The left, as usual, has adopted a superior tone when dealing with the unwashed of the Tea Party. Instead of articulating anything new in response to the anger, the left has simply ridiculed the confused and often ignorant antics associated with the movement. The result has been that we have not fully embraced the message being sent: there is deep seated resentment throughout society about the failure of the economy to deliver the long assumed relentless increase in standard of living.

Left wingers may think, as many I know do, that the failure stems from right wing policies. The belief is that the steady erosion of union power, the vilification of government, and the drumbeat of deregulation – all central tenets of libertarian thinking – will inevitably, and I stress that inevitability, produce the very society we now condemn.

In stark terms the clash between the individual liberty so central to capitalism and the egalitarian pull so central to democracy has been won convincingly by the capitalists. Democracy has been rolled back. The libertarian aim is to gut it even further by eliminating social programs altogether. Those programs offend the libertarians both because they imply a need for taxation in order to pay for them, and because they imply an erosion of the rugged individualism that stands behind their philosophy.

This impulse was given clear manifestation at the latest Republican debate. The crowd, and avowedly extreme group, cheered at the idea of a sick person dying, when the alternative was providing social health care. That Hayek, the great hero of libertarians, advocated social health care in order to mitigate the anger of the poor, went unnoticed. Our modern libertarians have moved beyond their core beliefs into a fear driven cynicism and outright hatred of their fellow citizens that is frightening. History will not judge them kindly.

But.

That there are Americans who follow those ideas is sufficient evidence to support the notion that our problems are deep rooted and need long term, collective, and well thought out responses.

Right now we are not seeing anything remotely adequate.

We need to tackle inequality. To do that we need to educate our people, not simply to compete in a global workplace, but so they can perform as citizens. The left’s frustration over things like the environment, over teaching of evolution, and many other issues can be solved were our education system producing citizens well versed in those issues. Clearly is isn’t. That so many erstwhile middle class voters can support policies that ruin the middle class is a great paradox needing remedy. And the delusion of libertarianism and its hatred of government needs to be exposed as the profoundly anti-social message that it self-avowedly is.
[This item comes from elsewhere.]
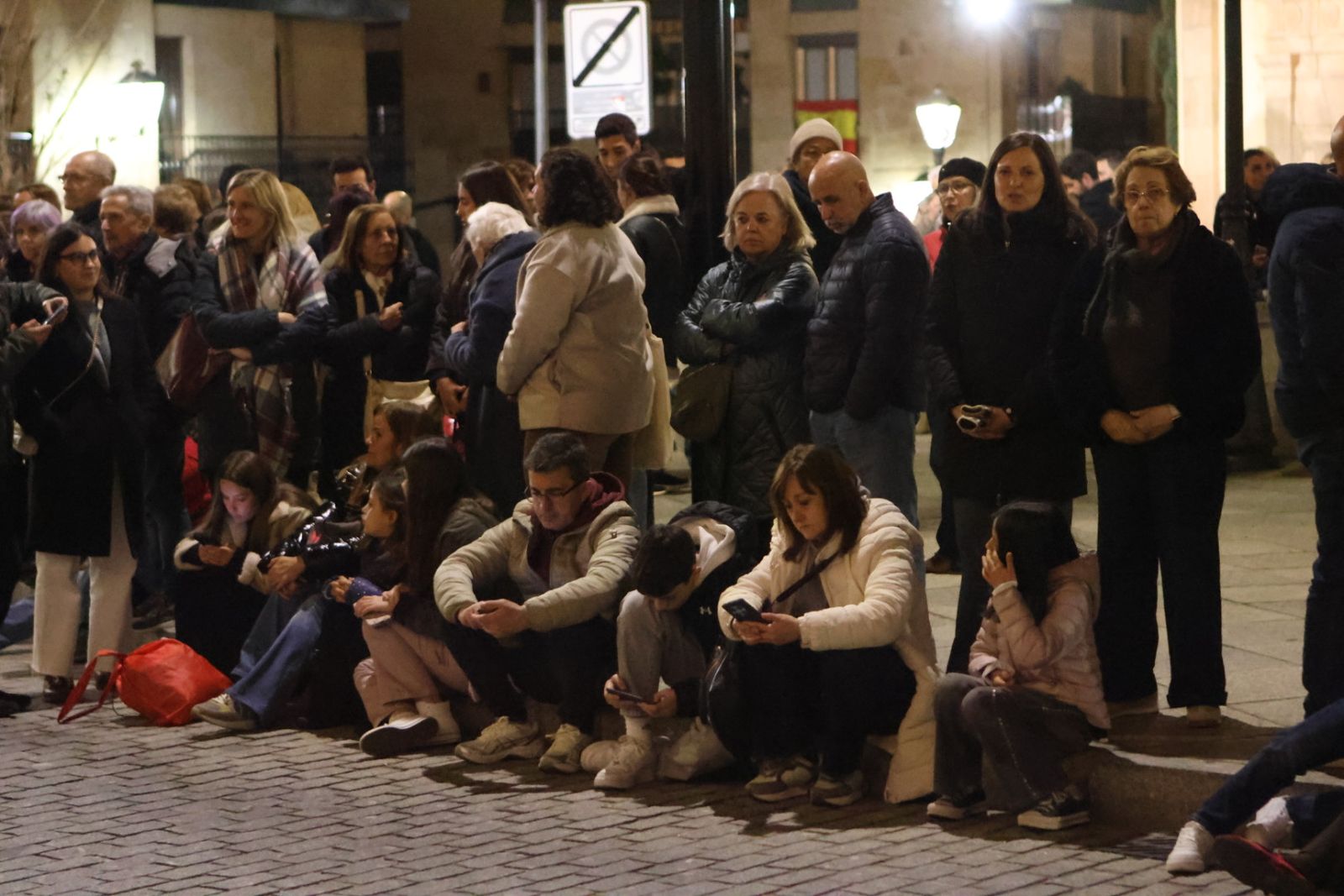 Procesión del Cristo del Amor y de la Paz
After all, “we the people” is a clarion call for democracy, not for capitalism. Nor for libertarianism. We are our government. We are not our own problem. The lack of balance between capitalism and democracy is the source of our malaise. It is time to re-establish a more democratic balance.

I would like to think that economists could contribute to regaining this balance. But, unfortunately, they have defined economics deliberately to ignore social, institutional, cultural, and other impulses that constrain economic activity. They pretend society doesn’t exist in order to model society’s economic aspects. The error in that should be obvious. Apparently it isn’t. So most economic theory is rendered useless or irrelevant awaiting the outcome of the more important debates about how society should construct and apportion wealth.

Once that great debate about the core issues of economic activity are completed, economists can re-enter the discussion and tell us how best to set up markets. They are the engineers who implement someone else’s science.

Pathetic.

As I said: it’s been a depressing week.